Metode Penelitian Kajian ini merupakan termasuk pada penelitian kualitatif. Penelitian kualitatif
dapat diartikan sebagai penelitian yang mampu menghasilkan data deskriptif mengenai kata-kata lisan maupun tertulis, dan tingkah laku yang dapat diamati dari orang-orang yang diteliti. Penggunaan tipe penelitian pada kajian ini adalah penelitian deskriptif yang bertujuan untuk menggambarkan secara sistematik dan akurat fakta dan karakteristik mengenai suatu bidang tertentu. Pada penelitian ini, peneliti memilih Kecamatan Waru, Kabupaten Pamekasan sebagi setting penelitian, atas dasar, Kecamatan Waru merupakan pusat dari kesenian Sapi Sonok se-Madura, sehingga bisa diasumsikan dengan mengambil setting pada tempat ini sudah bisa memberikan gambaran yang komprehensif tentang Sapi Sonok.
Subjek pada penelitian ini ditentukan secara sow ball.
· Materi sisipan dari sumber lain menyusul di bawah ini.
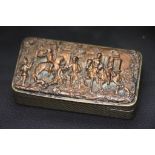 A hinged box and cover, the copper lid with cast hunting scene in relief, riders on horseback,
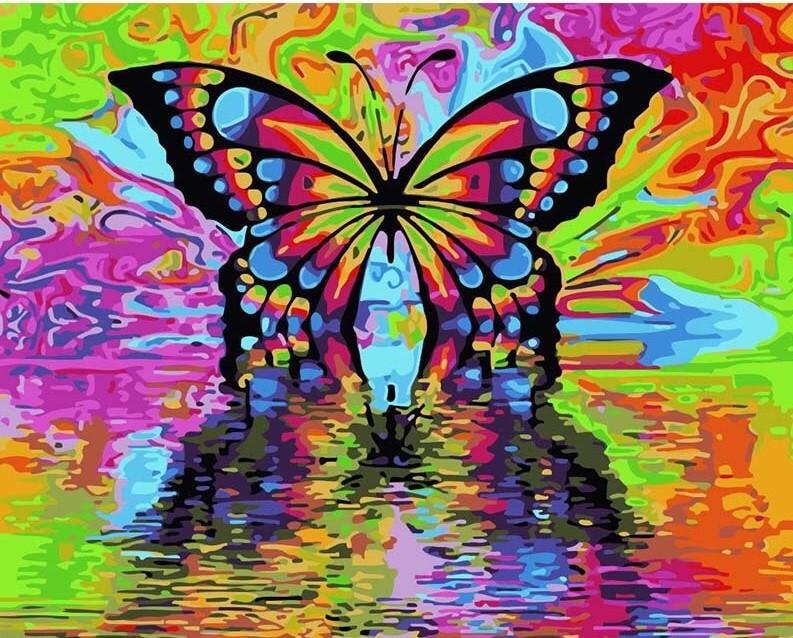

Colorful Butterfly – Paint By Numbers - 40*50CM, 501 Original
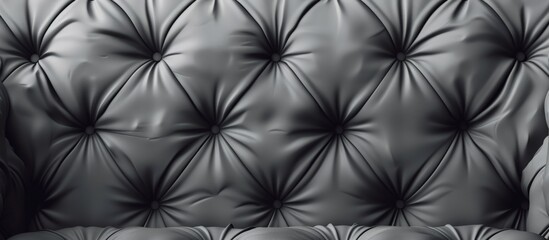 Black leather chair showcasing detailed buttons up close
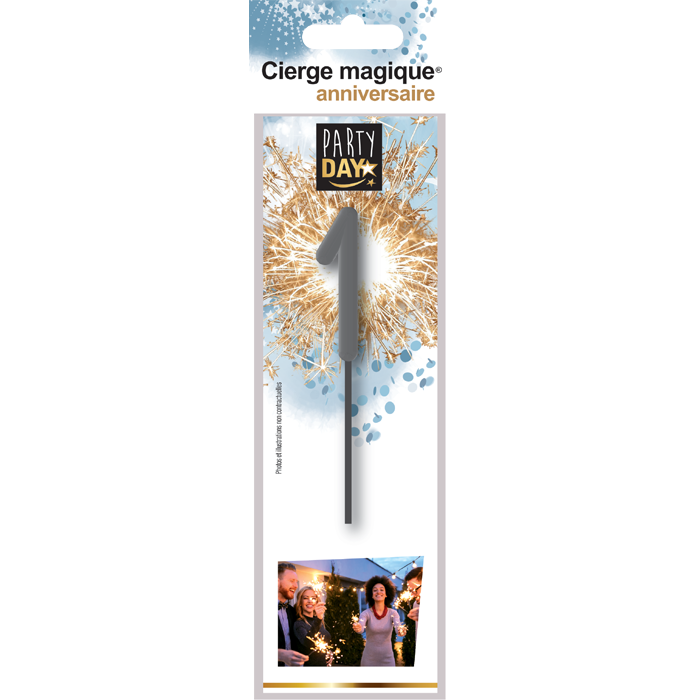 Cierge magique chiffre gris – étincelles dorées pour anniversaires festifs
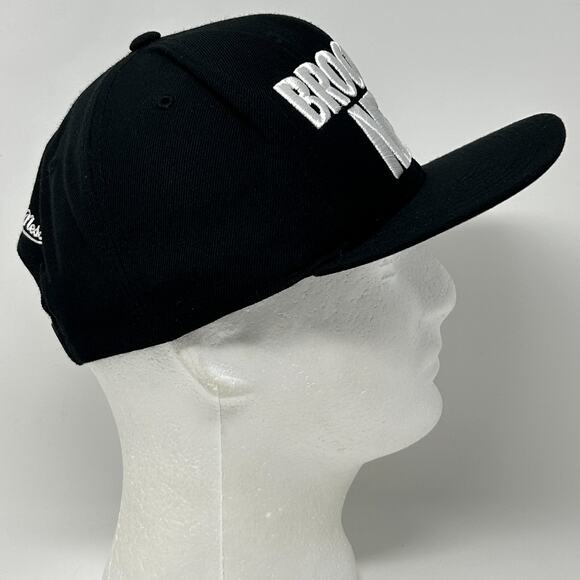 Brooklyn Nets Hat Cap Spellout NBA Basketball Mitchell & Ness Snapback Black - Picture 8 of 10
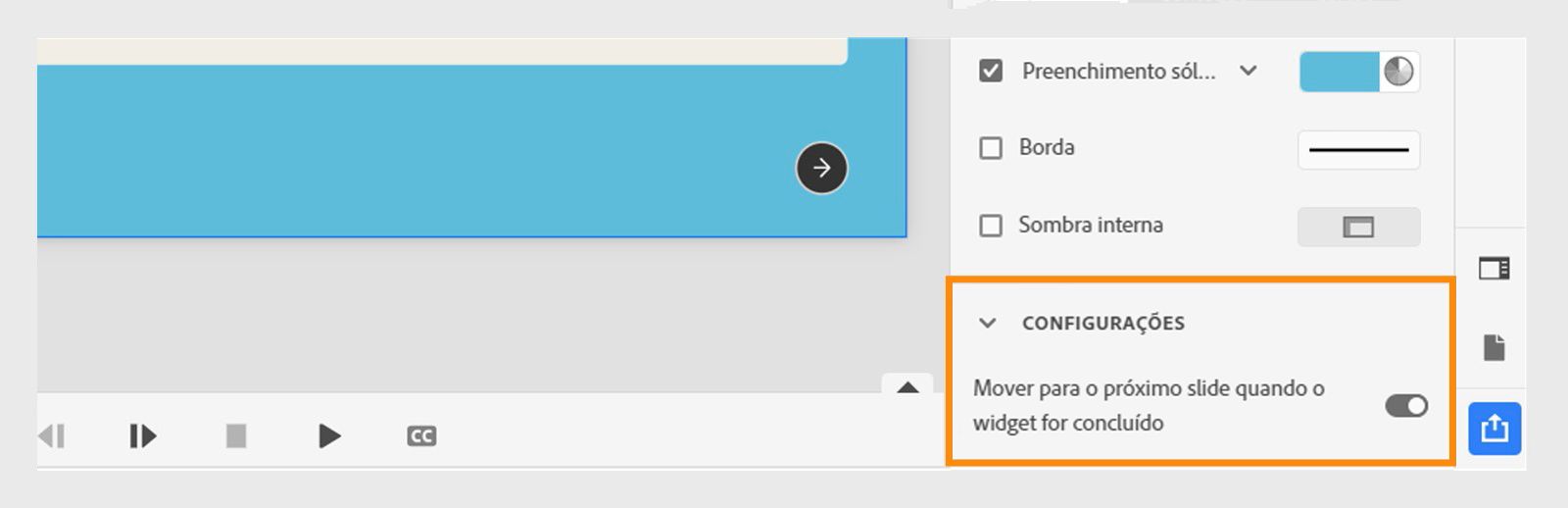 Habilitar a opção de alternância para o próximo slide após a conclusão do menu sanfonado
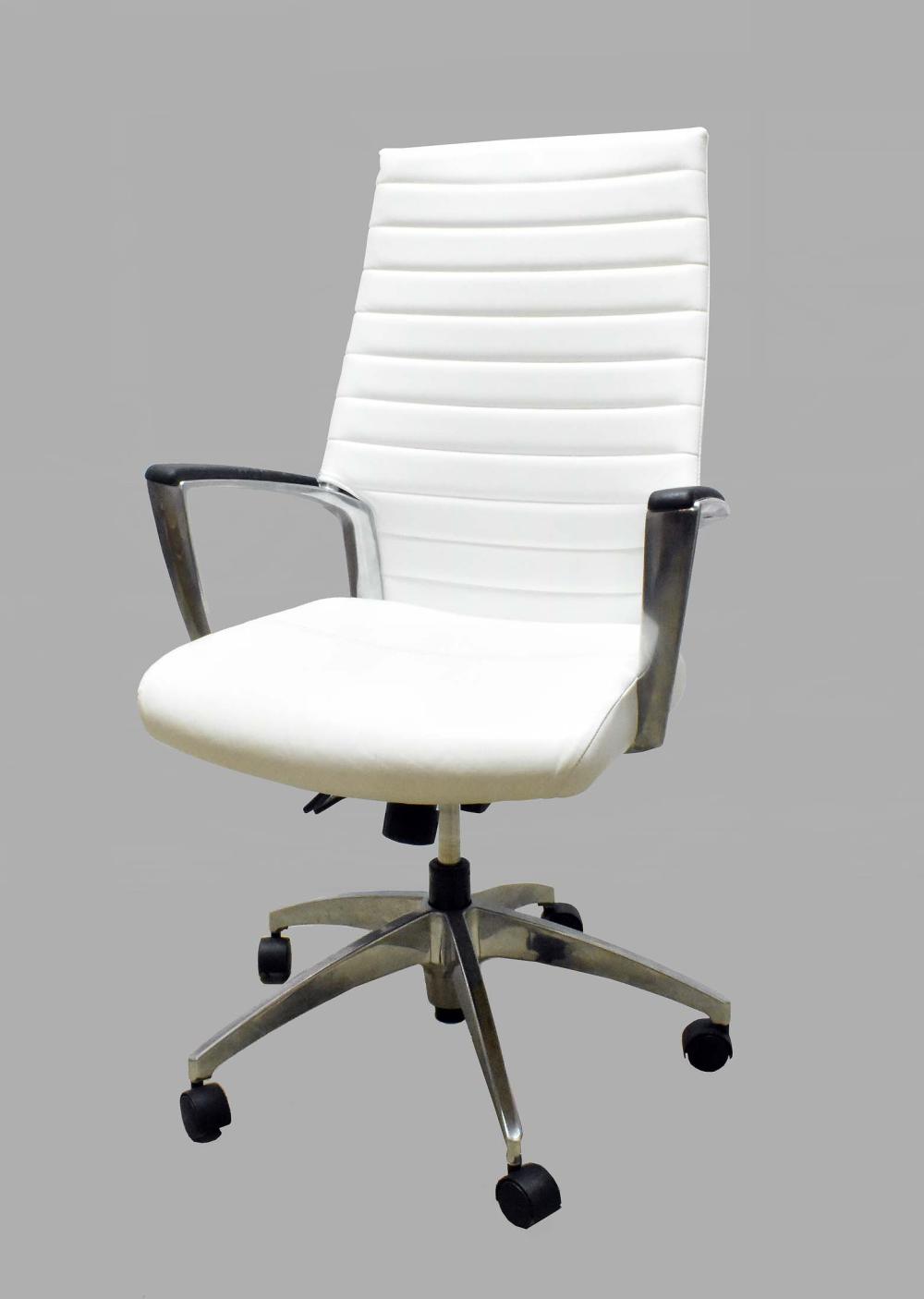 WHITE LEATHER AND CHROME SWIVEL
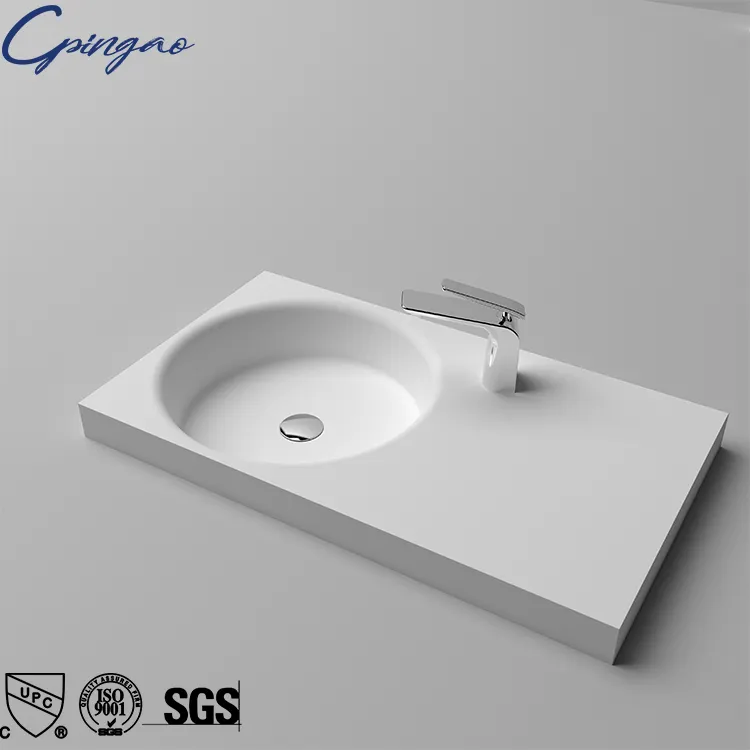 OEM ODM Surface solide mate Rectangle petit évier de salle de bains Lavabo Table Lavabo Art Lavabo pour toilettes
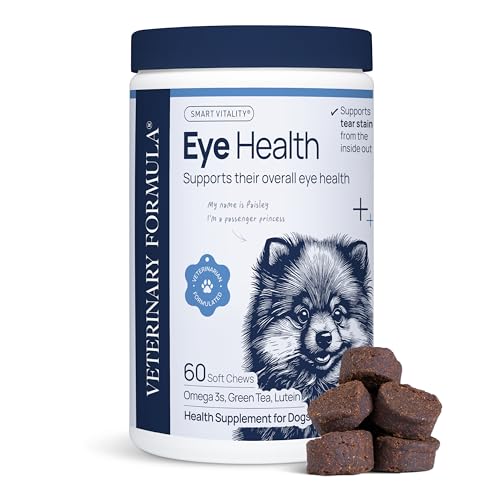 Veterinary Formula Eye Health Supplement for Dogs Vet-Formulated Tear Stain Chews with Omega 3 Lutein & Cranberry Smart Vitality Supports Eye Moisture Stain Reduction & Immunity 60 Soft Chews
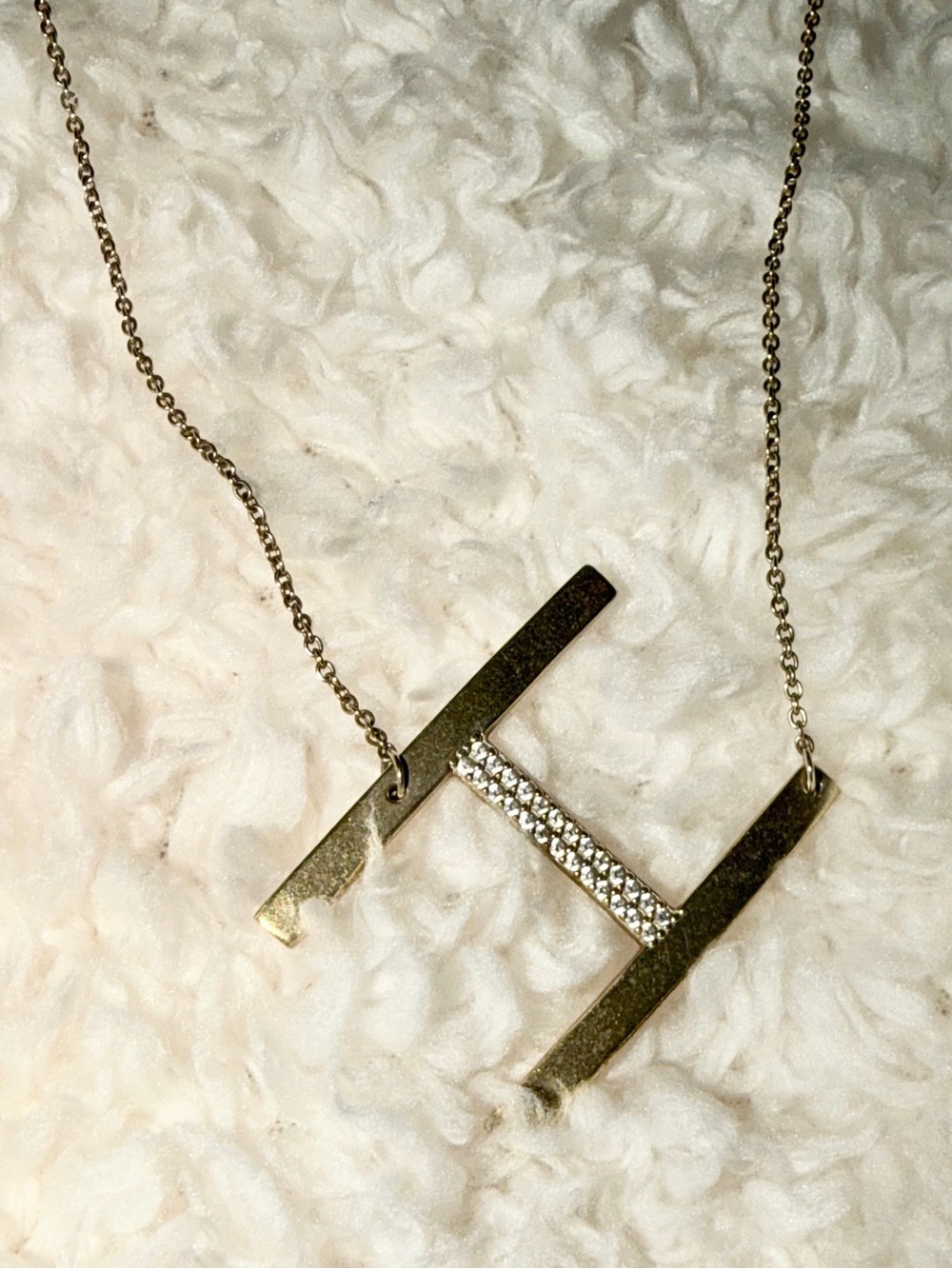 Gold Initial H Pendant Necklace - Gold Over Sterling Silver Fabulous Necklace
Hal ini dikarenakan peneliti tidak memiliki kenalan sama sekali tentang para pemilik Sapi Sonok, sehingga peneliti terlebih dahulu meminta bantuan kepada seseorang yang bisa “menyambungkan” peneliti kepada pemilik Sapi Sonok. Dari informan pertama inilih selanjutnya peneliti meminta rekomendasi informan selanjutnya. Jumlah subyek dalam penelitian ini adalah lima orang subyek dengan kategori jenis kelamin, pekerjaan, usia, dan lama atau tidaknya tergabung dalam paguyuban Sapi Sonok. Pengumpulan data dilakukan dengan wawancara mendalam atau indept interview dengan menggunakan pedoman wawancara untuk lebih menyelami tentang makna yang berkaitan dengan topik penelitian. E.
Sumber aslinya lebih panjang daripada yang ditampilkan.